Wednesday, April 08, 2015

The Innocents (1961)

Second viewing; first viewed on October 27, 1989.

Based on the novella The Turn of the Screw, by Henry James, first published in 1898.

At a country estate, a new governess is hired to look after two orphaned children. She  begins to have visions of dead people and to question the children's behavior.

A lot of care has been put on the aesthetics of the film, usually to good effect (though I cannot provide a perfect assessment of that for lack of a widescreen copy). The basic plot point is the possibility of deleterious influence that the children may have received from adults prior to the new governess's arrival. The ghosts as narrative devices serve two complementary purposes: providing clues for the new governess about the events prior to her arrival, and putting in doubt her sanity. The basic moral point is perhaps the danger of destroying what one is trying to save. An interpretive angle which I am not sure is in the novella, and is considered more controversial, is that of the psychological phenomenon of projection, especially in dealing with children. The governess might be projecting her own sexual fantasies onto her perception of the children. Thus, it is their very innocence which allows guilt to be projected onto them, as on a blank slate.

(pan-and-scan copy)

Rating: 71 (down from 85)

Monday, April 06, 2015

Yoidore tenshi (1948)

English title: Drunken Angel

In a poor and crime-infested neighborhood of a Japanese city, a strong-tempered, sake-drinking doctor devotes himself to fighting illness amid the poor people. He starts treating a proud gangster who has tuberculosis.

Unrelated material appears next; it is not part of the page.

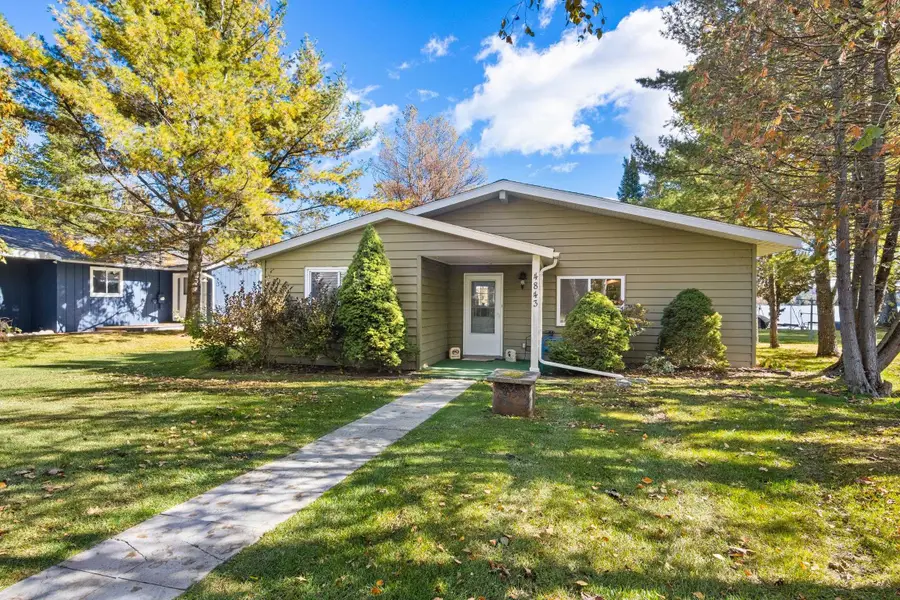 4843 S Skyline DR, Cedar, MI 49621 - #3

Social drama with some entertaining value. The main problem with medically-themed movies is that its real villain is a bug or another non-human entity with which it is hard to establish an emotional link. That is perhaps the reason why the subtheme of alcoholism has been introduced. But here, too, human agency is questionable by today's standards which deem that habit as a disease. Anyhow, there is a very understated implication that the gangster is a sort of mirror image of the doctor. The main point of the film is probably the influence of environment upon the fate of people.

Apparently there was a longer director's cut which has been lost.

Rating: 51

Friday, April 03, 2015

Nora inu (1949)

English title: Stray Dog

A rookie cop has his gun stolen from him while in a bus ride. He becomes obsessed about recovering it, and is assigned by his superior the task of catching the thief and, later on, the person who uses the weapon to commit further crimes.

Entertaining and well-filmed police procedural. The style eschews economy, the film lingering instead extensively over each episode, developing it into plenty of images, the most extreme case of this being the sequence at the baseball stadium where several shots of the game are interspersed with the actual plot scenes. This unhurriedness seems to be a characteristic feature of East Asian cinema. Many thematic threads have been noted by reviewers, but I think an especially noteworthy one is the fundamental need to oppose evil, and the realization that in order to meet that need we must curb our empathy towards perpetrators of evil to a minimum.